Jetzt hat der Krieg in der Ukraine auch noch die Preise für wichtige Rohstoffe der Autoindustrie wie Nickel, Palladium oder Aluminium in ungeahnte Höhen getrieben - und die Krisenstimmung in der deutschen Autoindustrie weiter angeheizt.
Dabei ist die Chipkrise für Hersteller wie BMW, Mercedes oder Volkswagen noch längst nicht ausgestanden. Nun sorgt der Konflikt in Osteuropa für explodierende Rohstoffkosten und neue Knappheiten bei wichtigen Zulieferteilen.
Wegen der Sanktionen des Westens gegen Russland haben die deutschen Autokonzerne nicht nur ihre Exporte nach Russ- land und ihre Produktion in den Werken vor Ort gestoppt. Weil auch Zuliefer- teile aus der Ukraine fehlen, insbesondere Kabelbäume, müssen die Hersteller zunehmend auch die Produktion in ihren deutschen Werken unterbrechen oder Kurzarbeit einführen.
In den vergangenen Jahren hatte sich vor allem die Ukraine zu einem günstigen und nahe gelegenen Produktionsstandort für diese Kabelbäume entwickelt - kilometerlange Leitungsgeflechte zur Strom- und Datenübertragung im Auto, die offenbar nicht so rasch über andere Zulieferer ersetzt werden können.

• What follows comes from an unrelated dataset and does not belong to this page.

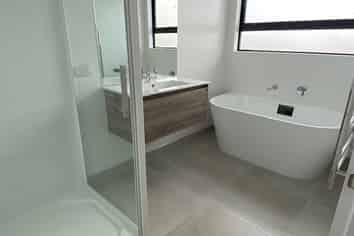 31 St Heliers Crescent, Aranui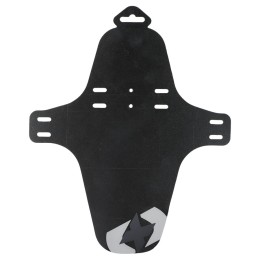 Parafanghino Anteriore Mudstop Fork OXFORD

Nun kommt es in den Werken zu immer mehr Produktionsausfällen. So hat der Sportwagenhersteller Porsche am Mittwoch die Produktion des E-Autos Taycan im Stammwerk Stuttgart-Zuffenhausen bis Ende nächster Woche gestoppt.
Kritik an der Strategie
Die Lage ist branchenweit angespannt. Beispiel Mercedes: Der Autobauer arbeitet nach eigenen Angaben mit Zulieferern in der Ukraine zusammen, die verschiedene Komponenten für die Fahrzeugproduktion liefern. "Wir versuchen mit unseren Lieferanten, unsere Lieferketten abzusichern - auch über Produktionsverlagerungen an andere Standorte", sagte eine Mercedes-Sprecherin zu €uro am Sonntag. Ab kommender Woche werde die Schichtplanung angepasst. BMW hatte bereits in der vergangenen Woche die Produktion in den Werken Dingolfing und München gestoppt, fährt sie inzwischen aber schrittweise schon wieder hoch. Wirtschaftsverbände wie der DIHK rechnen dennoch mit weiteren Unterbrechungen in den Lieferketten.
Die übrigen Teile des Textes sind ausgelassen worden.